Ohhh, ohh! What's Snow pudding? And what's wrong with Shepherd's Pie? How can anything with mashed potatoes be bad?

December 19, 2006 12:04 AM  
Anonymous Anonymous said...

Snow Pudding

2 c. boiling water
3/4 c. white sugar
1/4 tsp. salt
5 tbsp. cornstarch
1/4 c. cold water
2 egg whites (set yolks aside for Custard Sauce, recipe included)

Add sugar and salt to boiling water. Dilute cornstarch with cold water and combine the two mixtures. Bring to boiling point, stirring constantly, and let boil 5 minutes.
Add egg whites, beaten until stiff - using 2 tablespoons of the sugar when beating egg whites makes it easier to fold.

Add the lemon juice. Turn mix into a mold that is first dipped into cold water. Refrigerate until stiff. Remove if wish from mold and surround or pour over with Custard Sauce.


Snow Pudding Custard Sauce:

3 egg yolks
1/4 c. sugar
1/8 tsp. salt
2 c. scalded milk
1/2 tsp. vanilla

Slightly beat the egg yolks using a fork. Add sugar and salt. While stirring the egg mixture, add the scalded milk.

Cook in a double boiler, stirring until mix thickens and a coating is formed on the spoon.

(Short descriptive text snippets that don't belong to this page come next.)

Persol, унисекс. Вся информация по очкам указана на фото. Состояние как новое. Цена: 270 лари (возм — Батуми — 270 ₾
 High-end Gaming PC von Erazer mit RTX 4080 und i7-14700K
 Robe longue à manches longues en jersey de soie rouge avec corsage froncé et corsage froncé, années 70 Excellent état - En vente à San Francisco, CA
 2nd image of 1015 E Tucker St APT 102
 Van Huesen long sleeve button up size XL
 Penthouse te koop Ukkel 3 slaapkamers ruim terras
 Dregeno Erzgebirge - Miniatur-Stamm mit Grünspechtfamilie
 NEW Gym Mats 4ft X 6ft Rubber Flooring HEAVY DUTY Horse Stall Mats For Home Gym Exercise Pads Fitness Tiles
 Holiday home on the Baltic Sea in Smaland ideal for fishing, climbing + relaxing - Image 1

Cool down and then refrigerate along with Snow Pudding.

*sigh*

December 19, 2006 11:11 AM  
Anonymous Anonymous said...

At Thanksgiving my brother-in-law said we had become the generation that did the cooking. (He's the one who makes the rolls.)

Levin

December 19, 2006 10:10 PM  
Blogger mary grimm said...

Not only are my sister and I the generation that does the cooking, I'm already edging past that, since sometimes my daughters do the cooking. This Xmas I'm going to older daughter's house for Xmas dinner.
A lovely post.

December 20, 2006 10:29 AM  
Anonymous Anonymous said...

Great...
I had to sit through the "Good but wierd" stuff, and now that you're doing just "good" stuff, you're halfway across the country.
That's just great...

"Kitsch" food is a staple at the fire house.

December 20, 2006 8:30 PM  
Anonymous Anonymous said...

Do you have a recipe for Shepherd's Pie. I've heard of it before but need a recipe to try it.